*Work instruction*:
Reproduce each line from the first in the data through the line that contains "Miliki Wajah Baru, Presiden" exactly; give nothing else.

*Data*:
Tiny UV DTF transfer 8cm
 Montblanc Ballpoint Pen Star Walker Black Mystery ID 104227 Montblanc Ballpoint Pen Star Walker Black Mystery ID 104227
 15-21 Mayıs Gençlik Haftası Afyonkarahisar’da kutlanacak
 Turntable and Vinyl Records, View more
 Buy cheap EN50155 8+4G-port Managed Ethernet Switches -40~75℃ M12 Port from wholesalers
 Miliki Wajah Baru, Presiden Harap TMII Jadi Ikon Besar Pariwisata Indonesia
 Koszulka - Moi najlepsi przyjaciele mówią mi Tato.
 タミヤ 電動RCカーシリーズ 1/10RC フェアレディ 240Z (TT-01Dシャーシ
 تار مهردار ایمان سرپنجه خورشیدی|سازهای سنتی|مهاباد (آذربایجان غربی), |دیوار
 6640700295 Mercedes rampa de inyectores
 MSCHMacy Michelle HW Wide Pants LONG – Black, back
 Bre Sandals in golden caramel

*Answer for this exercise*:
Tiny UV DTF transfer 8cm
 Montblanc Ballpoint Pen Star Walker Black Mystery ID 104227 Montblanc Ballpoint Pen Star Walker Black Mystery ID 104227
 15-21 Mayıs Gençlik Haftası Afyonkarahisar’da kutlanacak
 Turntable and Vinyl Records, View more
 Buy cheap EN50155 8+4G-port Managed Ethernet Switches -40~75℃ M12 Port from wholesalers
 Miliki Wajah Baru, Presiden Harap TMII Jadi Ikon Besar Pariwisata Indonesia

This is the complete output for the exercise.